┌──

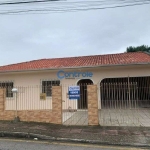 Casa com 03 dormitórios no bairro Ipiranga em São José.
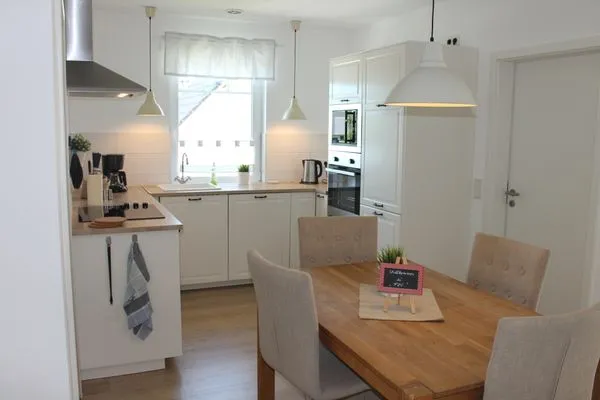 Küche / Küchenzeile  F 86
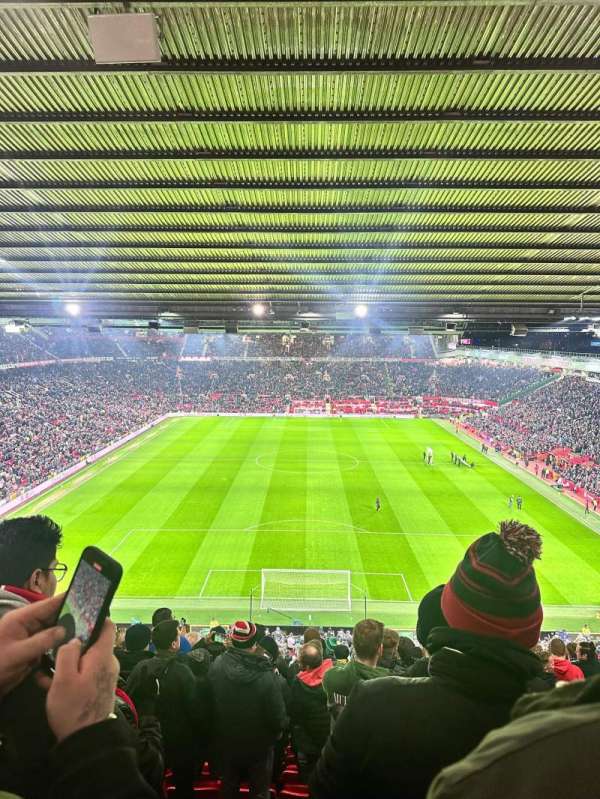 Old Trafford, bloc: W3103, rangée: 17, place: 91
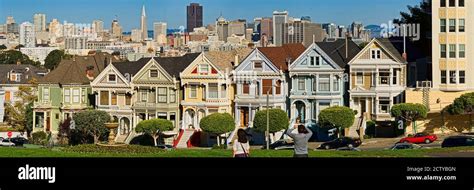 San Francisco Houses Famous Hi Res Stock Photography And Images Alamy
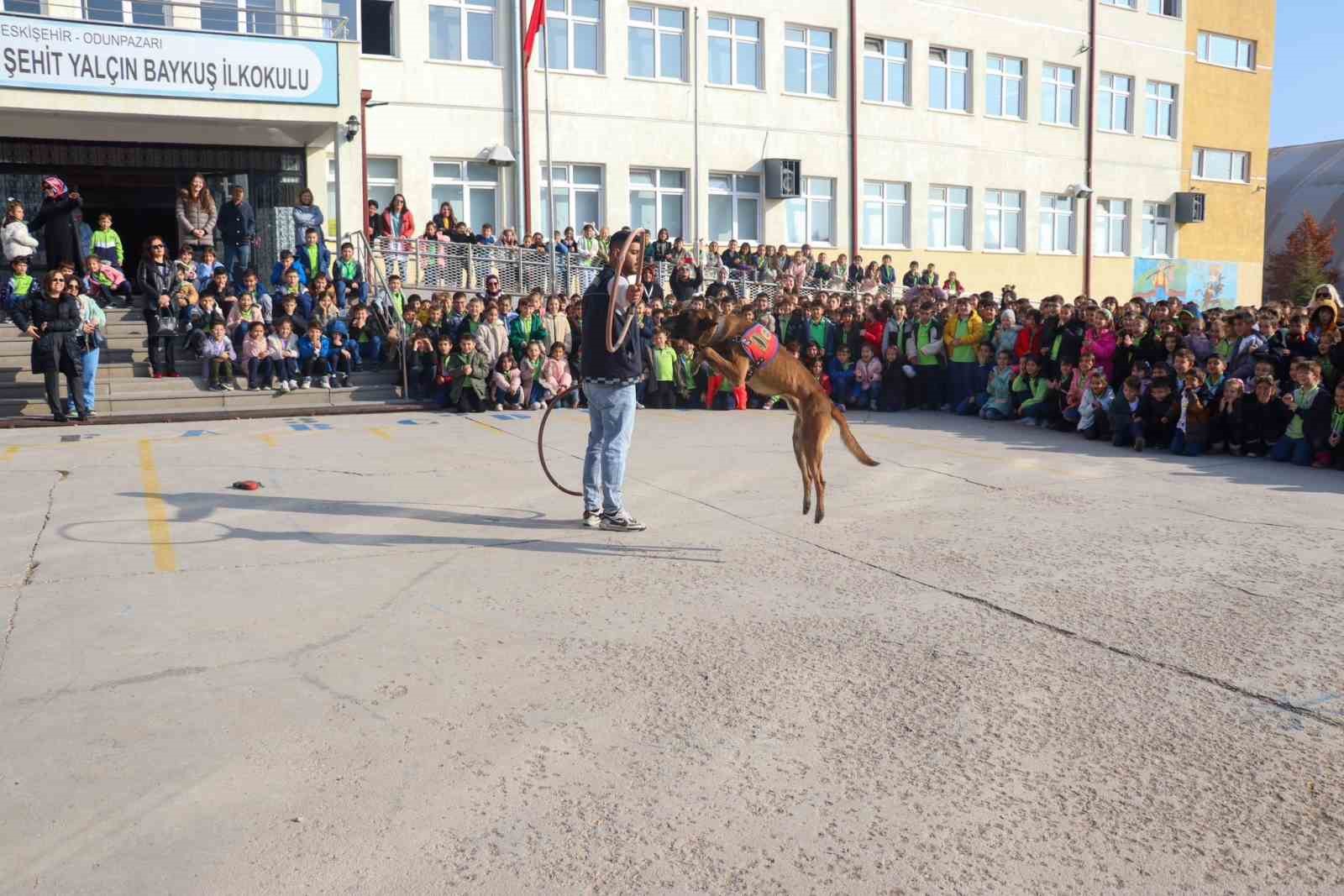 Dünya Çocuk Hakları Günü nedeniyle jandarma ekiplerinden ilkokul ziyareti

└──

== ACTIVITY ==
Transcribe the listing above exactly, leaving every picture out.

== ANSWER BOX ==
 Casa com 03 dormitórios no bairro Ipiranga em São José.
 Küche / Küchenzeile  F 86
 Old Trafford, bloc: W3103, rangée: 17, place: 91
 San Francisco Houses Famous Hi Res Stock Photography And Images Alamy
 Dünya Çocuk Hakları Günü nedeniyle jandarma ekiplerinden ilkokul ziyareti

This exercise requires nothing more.